Dev docs License: LGPL v2.1+ Julia General Pkg downloads

Native-Julia port of the C++ Minuit2 function-minimization library — the workhorse of every HEP fit. NativeMinuit is a drop-in replacement for IMinuit.jl (the Julia wrapper of the Python iminuit), with an iminuit-style API, C++-comparable (often better) performance, and error-analysis tools that go well beyond either — exact confidence contours, Monte-Carlo Δχ² regions, a likelihood-ensemble MCMC, Bayesian posterior analysis (priors & credible intervals, three samplers), bootstrap / jackknife, and multi-modal detection.

License: LGPL 2.1 or later (mirrors upstream Minuit2). This is a derivative work of C++ Minuit2 — see LICENSE and docs/UPSTREAM.md.

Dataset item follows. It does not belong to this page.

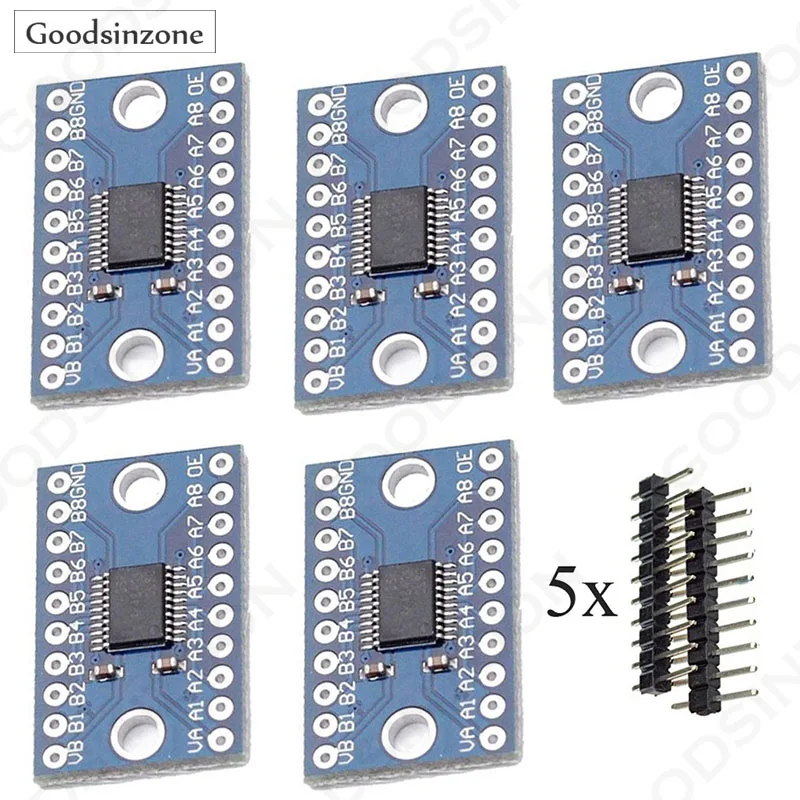 

5pcs TXS0108E High Speed Full Duplex 8 Way 8 Channel Level Conversion Module 8-Bit Logic Level Bi-Directional Converter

IAM fit (Binder) X(3872) dip (Binder)

Installation

using Pkg
Pkg.add("NativeMinuit")

NativeMinuit needs no compiled dependencies — it is pure Julia.

Quick start

using NativeMinuit

# iminuit-style API
m = Minuit(x -> (x[1] - 1.0)^2 + (x[2] - 2.0)^2,
           [0.0, 0.0];
           names  = ["a", "b"],
           errors = [0.1, 0.1],
           limits = [(-5.0, 5.0), nothing])
migrad!(m)
minos!(m)

println(m.values)        # ≈ [1.0, 2.0]
println(m.errors)        # parabolic (HESSE) 1σ errors
println(m.fval)          # ≈ 0.0
println(m.minos_errors)  # asymmetric ±σ per parameter
m                        # rich table (HTML in Jupyter, text in the REPL)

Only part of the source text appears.